So if the book is sometimes graceless, it's also thorough, thoughtful, and balanced. It has a well-rounded view of the central figures, and the nuanced conclusions it makes about the question of motive (and identity, personality, and relationship) are fascinating.


Title: We Who Are About To...
Author: Joanna Russ
Published: Open Road, 2018 (1976)
Rating: 3 of 5
Page Count: 155
Total Page Count: 321,240
Text Number: 1129
Read Because: reading the author, borrowed from the Multnomah County Library
Review: A small group finds themselves stranded on an alien planet after an emergency landing, and the protagonist sees no outcome but death. This barren, lonely premise subverts the golden age SF trope of impossibly populated/accommodating alien planets—a premise which is now outdated, so the subversion has become less notable. But it's still comparably unalleviated: the protagonist's relationship with death and her long struggle to die hang over the work from its first line; it lengthens a short novel and alters the narrative voice in creative ways.
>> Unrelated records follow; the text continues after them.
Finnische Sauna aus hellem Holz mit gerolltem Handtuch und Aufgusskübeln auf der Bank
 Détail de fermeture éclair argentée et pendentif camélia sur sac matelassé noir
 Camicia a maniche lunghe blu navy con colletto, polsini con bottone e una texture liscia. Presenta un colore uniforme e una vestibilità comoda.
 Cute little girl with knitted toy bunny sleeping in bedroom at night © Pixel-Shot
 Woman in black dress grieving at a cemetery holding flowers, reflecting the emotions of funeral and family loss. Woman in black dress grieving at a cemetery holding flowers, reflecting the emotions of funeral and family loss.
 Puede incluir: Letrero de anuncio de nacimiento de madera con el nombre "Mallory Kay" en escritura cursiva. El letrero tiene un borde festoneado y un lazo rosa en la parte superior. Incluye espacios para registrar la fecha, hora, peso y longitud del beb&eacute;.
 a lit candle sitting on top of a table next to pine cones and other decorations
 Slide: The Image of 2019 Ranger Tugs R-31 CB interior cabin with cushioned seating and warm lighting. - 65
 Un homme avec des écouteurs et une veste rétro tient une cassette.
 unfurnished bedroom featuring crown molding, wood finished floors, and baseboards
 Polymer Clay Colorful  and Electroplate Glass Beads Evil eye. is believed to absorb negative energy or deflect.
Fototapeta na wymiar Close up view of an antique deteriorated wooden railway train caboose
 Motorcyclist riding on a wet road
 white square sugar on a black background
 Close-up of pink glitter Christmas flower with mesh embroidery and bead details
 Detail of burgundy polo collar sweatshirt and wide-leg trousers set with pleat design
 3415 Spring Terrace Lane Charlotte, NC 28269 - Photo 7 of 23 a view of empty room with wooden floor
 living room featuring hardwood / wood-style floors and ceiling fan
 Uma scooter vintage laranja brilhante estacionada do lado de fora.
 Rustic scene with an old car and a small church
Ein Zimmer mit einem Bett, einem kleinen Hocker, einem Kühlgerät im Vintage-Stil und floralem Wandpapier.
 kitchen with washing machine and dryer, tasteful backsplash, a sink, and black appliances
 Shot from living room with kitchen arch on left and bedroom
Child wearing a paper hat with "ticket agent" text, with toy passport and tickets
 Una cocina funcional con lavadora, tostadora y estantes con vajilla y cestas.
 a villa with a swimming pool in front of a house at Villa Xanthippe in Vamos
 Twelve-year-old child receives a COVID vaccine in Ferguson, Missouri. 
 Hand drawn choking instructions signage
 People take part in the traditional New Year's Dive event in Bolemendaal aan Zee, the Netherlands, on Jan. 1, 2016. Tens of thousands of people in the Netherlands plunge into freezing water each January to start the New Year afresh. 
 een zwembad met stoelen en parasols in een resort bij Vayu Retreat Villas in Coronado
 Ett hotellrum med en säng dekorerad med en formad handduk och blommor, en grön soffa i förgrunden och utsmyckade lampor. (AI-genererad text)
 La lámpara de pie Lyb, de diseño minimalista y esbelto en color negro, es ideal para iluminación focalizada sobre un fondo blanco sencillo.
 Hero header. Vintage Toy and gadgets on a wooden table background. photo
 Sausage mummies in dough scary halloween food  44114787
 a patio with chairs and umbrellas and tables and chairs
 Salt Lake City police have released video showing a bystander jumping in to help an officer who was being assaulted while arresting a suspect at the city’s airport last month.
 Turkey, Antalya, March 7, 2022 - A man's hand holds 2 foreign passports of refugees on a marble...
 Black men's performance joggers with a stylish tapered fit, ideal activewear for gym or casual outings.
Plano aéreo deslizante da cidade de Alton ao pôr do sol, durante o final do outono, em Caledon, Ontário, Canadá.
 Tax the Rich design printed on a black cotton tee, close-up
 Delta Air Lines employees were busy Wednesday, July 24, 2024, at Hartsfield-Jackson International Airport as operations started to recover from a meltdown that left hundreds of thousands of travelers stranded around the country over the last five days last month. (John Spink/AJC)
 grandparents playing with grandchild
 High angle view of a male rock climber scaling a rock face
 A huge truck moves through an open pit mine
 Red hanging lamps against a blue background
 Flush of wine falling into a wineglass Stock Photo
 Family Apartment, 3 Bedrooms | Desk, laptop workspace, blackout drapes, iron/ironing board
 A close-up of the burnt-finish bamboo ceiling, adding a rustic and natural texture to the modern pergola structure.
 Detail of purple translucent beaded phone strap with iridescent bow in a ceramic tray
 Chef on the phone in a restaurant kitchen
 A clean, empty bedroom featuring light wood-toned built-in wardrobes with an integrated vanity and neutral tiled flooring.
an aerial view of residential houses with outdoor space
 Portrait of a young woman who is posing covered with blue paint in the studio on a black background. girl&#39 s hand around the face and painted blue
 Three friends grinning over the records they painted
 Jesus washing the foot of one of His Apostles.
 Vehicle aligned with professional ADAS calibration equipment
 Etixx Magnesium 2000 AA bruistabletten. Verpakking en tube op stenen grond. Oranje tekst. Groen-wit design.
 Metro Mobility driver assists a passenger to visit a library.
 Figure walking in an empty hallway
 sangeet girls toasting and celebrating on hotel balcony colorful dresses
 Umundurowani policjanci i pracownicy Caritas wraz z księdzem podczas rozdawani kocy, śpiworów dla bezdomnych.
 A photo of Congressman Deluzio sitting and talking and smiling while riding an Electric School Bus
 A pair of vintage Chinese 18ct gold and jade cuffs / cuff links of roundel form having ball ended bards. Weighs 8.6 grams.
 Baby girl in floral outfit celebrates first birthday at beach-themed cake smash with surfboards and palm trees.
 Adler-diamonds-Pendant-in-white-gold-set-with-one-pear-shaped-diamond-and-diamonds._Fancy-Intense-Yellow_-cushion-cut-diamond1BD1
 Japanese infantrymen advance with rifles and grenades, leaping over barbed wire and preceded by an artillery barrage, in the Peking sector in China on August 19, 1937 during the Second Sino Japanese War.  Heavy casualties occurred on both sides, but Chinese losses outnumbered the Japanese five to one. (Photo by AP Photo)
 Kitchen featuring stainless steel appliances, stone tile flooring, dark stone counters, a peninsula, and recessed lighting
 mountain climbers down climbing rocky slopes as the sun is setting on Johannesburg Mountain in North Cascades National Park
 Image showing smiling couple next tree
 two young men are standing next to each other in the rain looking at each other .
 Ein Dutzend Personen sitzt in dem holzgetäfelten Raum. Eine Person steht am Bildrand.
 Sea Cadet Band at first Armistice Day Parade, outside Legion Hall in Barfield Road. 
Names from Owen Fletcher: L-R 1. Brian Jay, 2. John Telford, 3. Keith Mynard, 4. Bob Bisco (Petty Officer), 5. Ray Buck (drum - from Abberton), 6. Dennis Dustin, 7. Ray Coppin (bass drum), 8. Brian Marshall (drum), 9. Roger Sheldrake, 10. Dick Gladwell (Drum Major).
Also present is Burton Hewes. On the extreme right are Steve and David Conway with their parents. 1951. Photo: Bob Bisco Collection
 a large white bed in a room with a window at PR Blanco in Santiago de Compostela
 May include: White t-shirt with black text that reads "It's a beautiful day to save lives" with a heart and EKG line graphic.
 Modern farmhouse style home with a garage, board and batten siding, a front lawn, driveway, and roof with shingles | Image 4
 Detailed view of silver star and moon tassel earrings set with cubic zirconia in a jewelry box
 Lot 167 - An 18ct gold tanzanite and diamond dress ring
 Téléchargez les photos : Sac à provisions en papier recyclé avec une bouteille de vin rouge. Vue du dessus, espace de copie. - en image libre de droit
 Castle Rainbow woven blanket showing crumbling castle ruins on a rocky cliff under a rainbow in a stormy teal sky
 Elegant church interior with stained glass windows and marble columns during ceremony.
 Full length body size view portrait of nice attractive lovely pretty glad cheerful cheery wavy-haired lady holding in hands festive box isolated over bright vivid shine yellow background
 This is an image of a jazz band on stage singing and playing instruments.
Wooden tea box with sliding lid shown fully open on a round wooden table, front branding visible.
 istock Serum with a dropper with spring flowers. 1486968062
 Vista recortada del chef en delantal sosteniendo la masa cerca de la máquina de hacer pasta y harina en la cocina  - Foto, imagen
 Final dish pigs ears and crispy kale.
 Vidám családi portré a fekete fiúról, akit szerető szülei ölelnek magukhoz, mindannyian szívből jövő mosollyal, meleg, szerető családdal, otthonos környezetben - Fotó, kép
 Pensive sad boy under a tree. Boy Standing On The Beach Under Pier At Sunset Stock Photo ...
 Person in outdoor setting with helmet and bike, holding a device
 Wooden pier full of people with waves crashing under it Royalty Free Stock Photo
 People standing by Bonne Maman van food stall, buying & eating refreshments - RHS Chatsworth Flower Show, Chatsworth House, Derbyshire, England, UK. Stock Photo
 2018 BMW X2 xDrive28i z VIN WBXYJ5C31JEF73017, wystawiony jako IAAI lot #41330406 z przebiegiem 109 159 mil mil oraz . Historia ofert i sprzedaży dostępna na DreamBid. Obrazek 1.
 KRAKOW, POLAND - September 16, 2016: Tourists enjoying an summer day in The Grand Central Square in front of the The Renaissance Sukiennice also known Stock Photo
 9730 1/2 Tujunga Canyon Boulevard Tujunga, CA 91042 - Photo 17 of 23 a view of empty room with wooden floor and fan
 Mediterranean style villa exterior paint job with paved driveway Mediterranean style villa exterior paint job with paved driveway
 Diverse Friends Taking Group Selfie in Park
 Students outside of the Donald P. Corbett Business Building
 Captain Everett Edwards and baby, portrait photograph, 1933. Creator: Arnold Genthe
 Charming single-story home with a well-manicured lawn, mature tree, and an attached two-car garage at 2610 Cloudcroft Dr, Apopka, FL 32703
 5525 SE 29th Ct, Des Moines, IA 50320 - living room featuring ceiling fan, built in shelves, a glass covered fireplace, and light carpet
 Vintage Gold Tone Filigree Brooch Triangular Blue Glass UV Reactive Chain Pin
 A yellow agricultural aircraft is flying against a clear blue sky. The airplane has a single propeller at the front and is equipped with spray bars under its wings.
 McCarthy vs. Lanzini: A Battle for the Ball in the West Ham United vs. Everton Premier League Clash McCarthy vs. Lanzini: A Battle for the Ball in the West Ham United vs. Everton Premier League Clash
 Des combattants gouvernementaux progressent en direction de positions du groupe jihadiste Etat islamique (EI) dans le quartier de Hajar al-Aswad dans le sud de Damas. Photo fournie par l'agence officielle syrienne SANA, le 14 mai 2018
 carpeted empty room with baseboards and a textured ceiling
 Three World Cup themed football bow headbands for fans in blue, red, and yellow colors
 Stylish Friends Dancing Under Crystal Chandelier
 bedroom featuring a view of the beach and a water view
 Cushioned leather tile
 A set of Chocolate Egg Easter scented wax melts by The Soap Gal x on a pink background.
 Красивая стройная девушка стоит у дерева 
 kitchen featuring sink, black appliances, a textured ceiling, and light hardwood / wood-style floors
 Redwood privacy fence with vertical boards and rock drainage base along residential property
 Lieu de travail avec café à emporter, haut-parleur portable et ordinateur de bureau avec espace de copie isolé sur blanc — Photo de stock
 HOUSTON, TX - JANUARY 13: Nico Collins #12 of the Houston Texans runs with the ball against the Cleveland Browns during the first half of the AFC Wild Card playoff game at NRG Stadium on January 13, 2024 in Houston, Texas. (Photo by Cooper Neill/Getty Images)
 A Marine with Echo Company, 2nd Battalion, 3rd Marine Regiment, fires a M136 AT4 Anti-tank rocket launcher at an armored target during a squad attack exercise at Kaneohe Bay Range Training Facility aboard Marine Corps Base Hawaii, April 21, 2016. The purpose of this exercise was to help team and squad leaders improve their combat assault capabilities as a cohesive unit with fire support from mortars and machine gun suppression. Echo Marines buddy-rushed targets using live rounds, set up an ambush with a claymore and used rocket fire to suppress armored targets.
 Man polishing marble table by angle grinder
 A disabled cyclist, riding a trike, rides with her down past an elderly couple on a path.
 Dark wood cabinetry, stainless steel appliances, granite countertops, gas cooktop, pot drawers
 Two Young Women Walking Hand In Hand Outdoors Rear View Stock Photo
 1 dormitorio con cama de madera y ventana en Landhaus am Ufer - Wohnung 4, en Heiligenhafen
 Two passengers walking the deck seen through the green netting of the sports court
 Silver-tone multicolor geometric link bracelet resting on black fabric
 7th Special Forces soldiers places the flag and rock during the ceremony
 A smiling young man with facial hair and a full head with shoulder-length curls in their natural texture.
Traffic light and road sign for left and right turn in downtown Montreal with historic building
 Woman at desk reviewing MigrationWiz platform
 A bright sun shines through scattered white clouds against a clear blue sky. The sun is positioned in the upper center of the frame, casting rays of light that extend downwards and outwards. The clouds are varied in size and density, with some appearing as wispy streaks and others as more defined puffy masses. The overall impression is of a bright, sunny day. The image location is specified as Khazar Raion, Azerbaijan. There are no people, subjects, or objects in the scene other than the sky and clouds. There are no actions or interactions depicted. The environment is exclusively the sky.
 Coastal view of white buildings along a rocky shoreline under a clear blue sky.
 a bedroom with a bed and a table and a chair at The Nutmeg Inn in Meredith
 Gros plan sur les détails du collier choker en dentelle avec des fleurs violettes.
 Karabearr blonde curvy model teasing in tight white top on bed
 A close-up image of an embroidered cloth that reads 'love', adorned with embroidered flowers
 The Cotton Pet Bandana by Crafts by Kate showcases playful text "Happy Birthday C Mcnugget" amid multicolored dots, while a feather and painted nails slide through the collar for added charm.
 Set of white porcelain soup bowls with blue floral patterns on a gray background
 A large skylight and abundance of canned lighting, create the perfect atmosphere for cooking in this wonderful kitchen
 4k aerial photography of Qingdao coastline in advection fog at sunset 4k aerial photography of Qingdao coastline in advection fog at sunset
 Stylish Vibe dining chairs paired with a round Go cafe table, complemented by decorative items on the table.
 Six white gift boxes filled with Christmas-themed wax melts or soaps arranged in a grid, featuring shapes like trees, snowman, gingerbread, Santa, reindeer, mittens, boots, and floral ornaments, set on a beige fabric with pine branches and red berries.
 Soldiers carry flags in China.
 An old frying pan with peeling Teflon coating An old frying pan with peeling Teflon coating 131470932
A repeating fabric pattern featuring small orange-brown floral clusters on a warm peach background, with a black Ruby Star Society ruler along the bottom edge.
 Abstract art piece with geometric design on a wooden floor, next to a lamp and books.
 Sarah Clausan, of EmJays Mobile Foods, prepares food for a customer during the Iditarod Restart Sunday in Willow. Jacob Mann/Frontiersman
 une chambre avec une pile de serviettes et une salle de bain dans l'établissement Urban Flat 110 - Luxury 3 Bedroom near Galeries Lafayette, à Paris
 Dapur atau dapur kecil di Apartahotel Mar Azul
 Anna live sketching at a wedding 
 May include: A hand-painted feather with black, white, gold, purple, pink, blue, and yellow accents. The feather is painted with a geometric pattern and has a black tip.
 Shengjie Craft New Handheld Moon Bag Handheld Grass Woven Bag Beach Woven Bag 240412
The rest of this is less remarkable, with a near-future which, ironically, now feels outdated in golden age SF ways, and with social devolution to sexualized violence which isn't a caricature but does have a familiar, depressing predictability.


Title: Hexarchate Stories
Author: Yoon Ha Lee
Published: Solaris, 2019
Rating: 3 of 5
Page Count: 335
Total Page Count: 321,575
Text Number: 1130
Read Because: reading the series, borrowed from the Multnomah County Library
Review: This is the first collection I've read that contains flash fiction, and it just doesn't work for me: despite interesting premises or worldbuilding tidbits, they can't but be insubstantial they're so brief that attempts at meaningful endings often wind up hackneyed. The saving grace is of course the longer pieces, all of which I like—particularly "Gloves" (not necessarily for being better, but for appealing to my id), "Battle of Candle Arc" (which doesn't, in retrospect, add a lot to the book series; but as something that was published first, it's intriguing and satisfying), and most notably Glass Cannon, a novella that follows up the book series. Like the flash fiction, the novella's ending makes a clumsy attempt to do much and be too profound, but it's fascinating how the character dynamics and particularly the speculative elements of the worldbuilding are distilled and intensified in short form—it's a compelling follow-up.